ジュリオ・チェーザレ/マリアンネ・ベアーテ・キーランド

クーリオ/駒田敏章

コルネーリア/加納悦子

セスト/金子美香

クレオパトラ/森谷真理

トロメーオ/藤木大地

アキッラ/ヴィタリ・ユシュマノフ

ニレーノ/村松稔之

合唱指揮/冨平恭平

 唱/新国立劇場合唱団

管弦楽/東京フィルハーモニー交響楽団



   新国立劇場バロック・オペラシリーズ第一弾として2020年に上演予定だったが、コロナ禍で延期、その復活上演。

 オーケストラは東京フィルハーモニー交響楽団で、もちろんモダンピッチ。ただし、通奏低音グループ(チェンバロ、チェロ、テオルボ)は古楽器専門の演奏家が担当。

 歌手はジュリオ・チェーザレ役のマリアンネ・ベアーテ・キーランドが古楽系、その他にカウンターテナーが2名、指揮者は古楽畑で、モダンと古楽の折衷演奏だ。

 古楽器演奏が始まってからほぼ半世紀が過ぎ、演奏者はもう第3世代に入り、今回のように、モダンのオケに古楽器アンサンブルが加わったり、古楽専門の指揮者がモダンオケを指揮することは珍しくなくなった。古楽の演奏レベルが向上し、かつ浸透してきて、モダンと古楽が一緒に演奏しても、お互いに違和感なく多彩な表現が難なくできる時代になった,ということだろう。


 設定は博物館の倉庫で、そこにはエジプトやギリシャの歴史上の人物の彫像や絵画が置いてあり、場面ごとに、それをイメージさせる美術品が登場するという仕掛け。ヘンデルの大きな肖像画も登場し、場内を笑わせた。

 歌手以外に博物館のスタッフが登場し、彼らは美術品の出し入れの他に兵士や悪人の役も兼ねる大活躍をする。ひょっとして彼ら助演グループの動きがこのオペラの成功の鍵を握っていたのかもしれない。

 人の動きを含め、全体的にユーモラスな雰囲気があり、設定そのものは現代であるにも関わらず、よくある深刻ぶった自己満足的な演出要素は全くなく、原作との違和感は全く感じさせない。
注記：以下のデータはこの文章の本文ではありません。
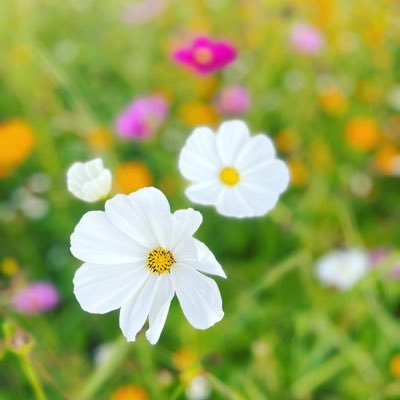 ThirXya's profile picture. เล่นตะกร้อเก่ง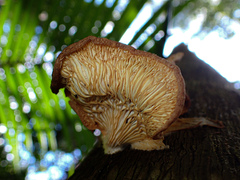 Crepidotaceae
物語の進行も実にわかりやすい。

 基本的に男女の愛を扱った単純明快なオペラだが、演出は、この愛憎渦巻くエンターティメント的な面白さを、海外の他の演出のようなどきつさを避け、衣装も含め上品な表現でまとめており、視覚的にも美しい箇所が多い。ロラン・ペリーの優れたセンスが伺われ、とても良かった。
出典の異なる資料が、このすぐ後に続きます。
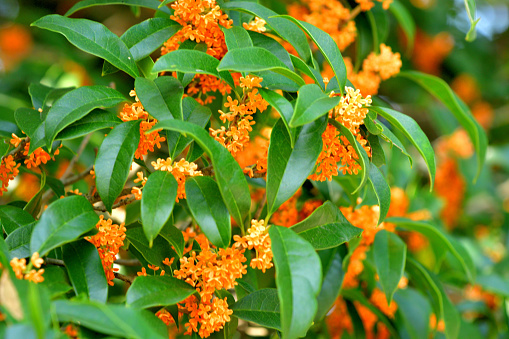 Osmanthus fragrans, native to Asia (Japan, China and Himalayas), and commonly called fragrant olive, sweet olive or sweet tea, produces clusters of flowers that have an extremely powerful apricot fragrance. It is a small, upright, evergreen tree that will grow to 3-10 meters tall. Tiny white, orange, gold or reddish flowers, depending on species, appear in clusters in late summer through into fall. The plant has very fragrant flower.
 当初は人の動きが固く、レチタティーフの時に、直立して動かない場面も多く、特に第1幕では劇そのものが硬直して見える場合も多かったが、第幕以降は音楽に沿って人の動きがよく流れるようになった。

 

 今日のステージの中心は古楽派とも言える歌手が歌ったチェーザレと、カウンターテナーのトロメーオとニレーノ役。全員技術的にも音楽的にもかなり水準の高い歌手で、申し分ない。アリアは全てABA のダ・カーポアリアだが、ダ・カーポ後に即興的パッセージを加えたりと、かなりきめ細かく、繊細な表現で歌っているのだが、残念ながらホールが広すぎて、せっかくの素敵な表現が、今回鑑賞した3階席では遠く聞こえ、充分伝わってこない。
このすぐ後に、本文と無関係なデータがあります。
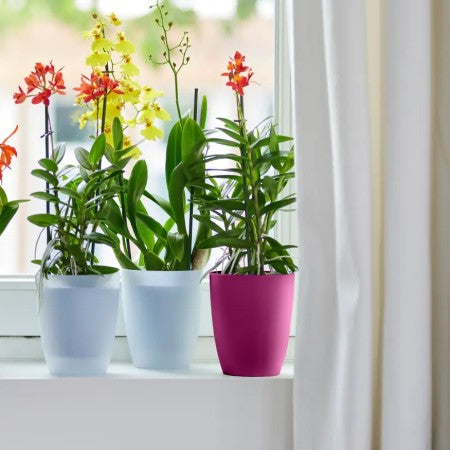 Brussels Orchid High 12,5cm Cherry Red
 モダンの歌手では、クレオパトラ役の森谷真理は、びわ湖ホールでのワーグナーが印象に残っていて、この役は意外でもあったが、今回はバロック的な即興句などの表情、スケール感が中々素敵で、とても器用な歌手であることに感心。ただ、やはり階席では遠く聞こえ、他の歌手グループも同様で、芸術性はとても良かったのにも関わらず、ちょっと残念だった。

 

 指揮のアレッサンドリーニは申し分ない仕上がり。モダンのオーケストラの持つパワーをうまく生かし、通奏低音グループの古楽奏者とも全く違和感を感じさせず、見事にまとめ上げた上演で、今の時代に相応しいバロックオペラとも言える。3階席では、低弦がやや棒読み風に聴こえた以外は、響きがきれいで、かつ明快な表現で楽しめた。


 いつもながら舞台設定,装置のスケール感は素晴らしかったが、贅沢を言えば、中ホールで、バロックオペラならではの繊細な音楽表現に徹した演奏で鑑賞したかった。